James Traficant
Former U.S. Representative James Traficant (D-Ohio) gestures before defending himself before the subcommittee of the House Ethics Committee, on Capitol Hill July 15, 2002. He died on Saturday at the age of 73. Reuters/Larry Downing

Eccentric Ohio Congressman James Traficant died Saturday, capping a political career filled with drama, jail time and a particularly notable toupee. He was 73.

Trafficant died from injuries sustained while attempting to park a vintage tractor on his family farm in Youngstown, the Associated Press reported.

Traficant, who often referred to himself as the “son of a truck driver” to match his populist image, is best known for being the second person to be expelled from Congress after the Civil War. He spent seven years in jail for bribery.

In 2002 he was convicted by a federal jury for coercing staffers to work on his farm and houseboat, and used his office to extract bribes from businesses. When released in 2009, he would say only he would need “a weed whacker” to trim his iconic toupee.

As sheriff of Mahoning County, he spent three nights in jail for refusing to foreclose on the homes of laid off steelworkers.
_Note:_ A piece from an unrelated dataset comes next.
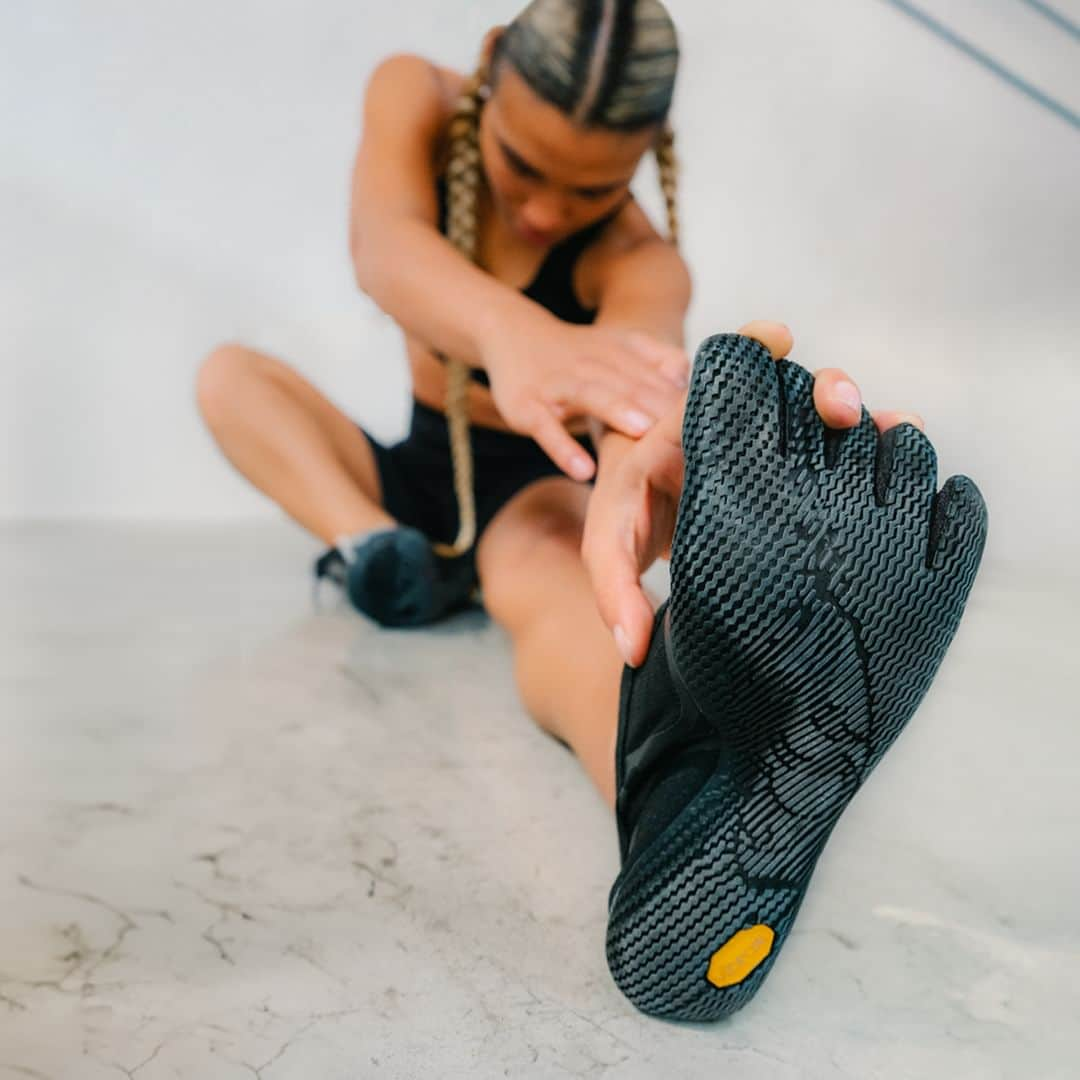 ビブラムのインスタグラム：「Maximum articulation and ground feel, with an assured grip and essential protection. Meet the @vibramfivefingers KSO EVO, your training partner. It’s all about getting back to your primal movements.   Discover the power of #VibramXSTREK compound on vibram.com  #Vibram #ConfidenceInEveryStep #VibramFiveFingers #MoveFreely #YourConnectionToEarth」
In 1983 he managed to beat federal bribery charges, defending himself in court despite not having a law degree. The next year he ran for Congress and won the first of his nine terms.

In a 2009 column for American Free Press, he wrote he planned to testify in Germany on behalf of John Demjanjuk, a Ukrainian-American who was later found guilty of war crimes and being an accessory to the murder of 27,900 Jews at a concentration camp during World War II.

After losing a 2010 bid for the congressional seat he held before prison, Traficant pursued other interests. In July he founded Project Freedom USA to pressure Congress to “stop the madness” by eliminating all income and payroll taxes and repealing the 16th Amendment, among other things.